Marianela de la Hoz (June 14, 1956) is a Mexican painter. She has lived in San Diego, California for six years now where she continues to work. Her artwork follows the tendencies of the aesthetic trend called Hemofiction in which blood, consciousness, irony, time and space are its structural axes. In this trend the dominant instincts of the characters are revealed, producing an encounter with the own individual's identity, moving towards the unique being's interior.
==Painting style==
Her work is nourished by literary arguments, not to produce illustrative texts, but as the source from where the internal problems of the human being emerge. It is in literature where she finds those extremely unusual visual codes that allow me to depict that human side that we persist in hiding, the "unpleasant" face of real life, stories drawn from the immediate familiar surroundings, where vicious or pervert characteristics, seemingly unnoticed but present, take relevance to induce shocks in the spectator who is looking at prodigious portraits of what we all really are.
Inside this pictorial-literary world, precise limits don’t exist, its contents unleash my imagination giving as a result an inexhaustible source of images, she deals with the material and immaterial, the ordinary and extraordinary. She think about the knowledge we have of ourselves, the way we live, love and dream, she talks about love, death, hopes, the present and the past and above all the visual iconography that she works with is that of the terrible, the amoral, resulting in realistic characters with magical details, zoomorphism, disproportions and exaggerations that talk openly about themselves, without guilt, myths or common places.
In expressing those problems of mankind she look for reactions, she digs the feelings, hopes, anxieties, secrets, she draws them out and investigate in order to recover that childish fantasy for the adult, who also has the urge for magic, she needs to depict "stories" that will satisfy these perverse tendencies through fantasy and she finds specific models to express them as the children's imagination would.
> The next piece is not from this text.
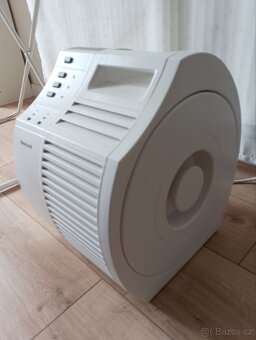 Čistička vzduchu Honeywell - 2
She uses black humor and sarcasm, to express violence, destruction and sadism, through fantasy. That is why she calls it "White Violence", namely small formats in which she portrays characters whose hair is properly combed, with perfect teeth and, only when necessary, a tiny blood drop; acting an extreme situation.
The contents of her work arise from reality; facing the troubled times we are living, because she finds avoiding these subjects to be decadent. Many artists try not to upset the spectator, flattering him and preventing him from searching the depth of the human visual circle in which we can find a cathartic experience, they lead people to become pleasure, fashion or prestige followers and not in someone that tries to confront his experiences with "that" what the artist has placed in front of him.
Her artwork's purpose is to provoke the spectator as a total being, not pure sensibility, nor pure reasoning.
The paintings are to be seen at a close distance because of their size and detailed brushstrokes, in order to follow gestures, surroundings and the delicate precise strokes; but above all, to trap the spectator as in a spider web.
The texts become another element in the whole composition reminding us of ancient manuscripts, with allusions or cryptic messages towards the images.
Every depicted element is related, possesses its own life, even the inert ones.
To summarize, she could describe her artwork as reality portraits converted in fantastic theatrical scenes, set of mirrors in which she looks at herself and you look at yourself, perhaps by finding some relationship with grandmother and mother; an intimate and terrifying nearness.